**Task to carry out**
Reproduce the first line of the material below and each line after it, exactly, through the line containing "Однотонное постельное белье", and give nothing more.

-----

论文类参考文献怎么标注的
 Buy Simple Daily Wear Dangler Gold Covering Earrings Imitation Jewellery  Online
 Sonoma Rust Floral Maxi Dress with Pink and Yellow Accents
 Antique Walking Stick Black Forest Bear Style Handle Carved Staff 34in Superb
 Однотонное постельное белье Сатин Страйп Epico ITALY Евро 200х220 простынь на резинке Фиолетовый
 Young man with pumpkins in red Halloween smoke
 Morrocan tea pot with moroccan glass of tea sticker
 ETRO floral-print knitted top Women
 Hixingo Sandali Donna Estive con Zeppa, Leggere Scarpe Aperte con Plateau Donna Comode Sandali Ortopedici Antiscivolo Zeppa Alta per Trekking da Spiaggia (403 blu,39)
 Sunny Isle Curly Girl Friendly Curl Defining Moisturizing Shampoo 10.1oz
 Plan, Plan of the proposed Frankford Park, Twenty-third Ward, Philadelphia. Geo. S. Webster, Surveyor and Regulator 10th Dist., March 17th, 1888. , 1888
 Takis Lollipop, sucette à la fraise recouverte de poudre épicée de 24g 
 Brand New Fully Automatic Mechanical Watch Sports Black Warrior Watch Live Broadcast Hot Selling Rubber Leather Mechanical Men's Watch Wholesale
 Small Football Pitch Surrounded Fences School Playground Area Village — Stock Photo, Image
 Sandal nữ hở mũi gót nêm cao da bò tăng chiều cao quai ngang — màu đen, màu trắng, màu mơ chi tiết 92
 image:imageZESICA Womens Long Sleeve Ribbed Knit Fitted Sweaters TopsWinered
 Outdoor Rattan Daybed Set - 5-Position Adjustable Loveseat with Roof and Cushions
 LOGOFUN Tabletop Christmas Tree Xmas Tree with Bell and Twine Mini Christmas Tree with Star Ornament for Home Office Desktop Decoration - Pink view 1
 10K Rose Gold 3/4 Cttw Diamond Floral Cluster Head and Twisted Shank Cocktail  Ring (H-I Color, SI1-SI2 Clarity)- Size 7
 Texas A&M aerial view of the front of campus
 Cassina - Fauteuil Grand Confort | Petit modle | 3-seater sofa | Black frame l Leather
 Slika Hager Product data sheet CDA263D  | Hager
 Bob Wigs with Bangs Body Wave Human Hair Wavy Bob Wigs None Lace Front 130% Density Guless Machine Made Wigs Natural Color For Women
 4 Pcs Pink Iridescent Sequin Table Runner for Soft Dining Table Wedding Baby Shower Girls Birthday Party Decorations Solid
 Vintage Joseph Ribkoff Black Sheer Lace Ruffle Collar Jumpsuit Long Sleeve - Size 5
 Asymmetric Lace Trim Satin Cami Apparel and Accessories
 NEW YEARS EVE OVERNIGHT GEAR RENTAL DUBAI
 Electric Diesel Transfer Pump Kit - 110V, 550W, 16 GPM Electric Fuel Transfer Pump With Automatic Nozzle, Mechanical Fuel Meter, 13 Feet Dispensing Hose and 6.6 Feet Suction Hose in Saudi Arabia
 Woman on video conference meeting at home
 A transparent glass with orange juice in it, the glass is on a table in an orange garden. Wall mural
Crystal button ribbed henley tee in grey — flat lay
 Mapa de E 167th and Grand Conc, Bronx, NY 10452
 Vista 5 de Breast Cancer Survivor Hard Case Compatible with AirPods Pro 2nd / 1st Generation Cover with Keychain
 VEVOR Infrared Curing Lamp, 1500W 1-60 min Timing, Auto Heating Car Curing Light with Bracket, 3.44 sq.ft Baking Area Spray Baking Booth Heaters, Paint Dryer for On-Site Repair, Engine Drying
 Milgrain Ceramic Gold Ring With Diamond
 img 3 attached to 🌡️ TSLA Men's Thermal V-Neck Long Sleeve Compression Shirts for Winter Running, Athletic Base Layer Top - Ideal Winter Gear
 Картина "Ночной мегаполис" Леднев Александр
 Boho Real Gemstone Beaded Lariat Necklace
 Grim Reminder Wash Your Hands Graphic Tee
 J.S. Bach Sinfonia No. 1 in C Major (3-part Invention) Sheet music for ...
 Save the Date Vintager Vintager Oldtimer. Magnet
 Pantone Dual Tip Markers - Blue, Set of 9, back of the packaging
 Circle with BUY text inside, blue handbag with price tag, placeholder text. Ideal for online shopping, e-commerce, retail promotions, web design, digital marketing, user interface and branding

-----

**Answer to this problem**
论文类参考文献怎么标注的
 Buy Simple Daily Wear Dangler Gold Covering Earrings Imitation Jewellery  Online
 Sonoma Rust Floral Maxi Dress with Pink and Yellow Accents
 Antique Walking Stick Black Forest Bear Style Handle Carved Staff 34in Superb
 Однотонное постельное белье Сатин Страйп Epico ITALY Евро 200х220 простынь на резинке Фиолетовый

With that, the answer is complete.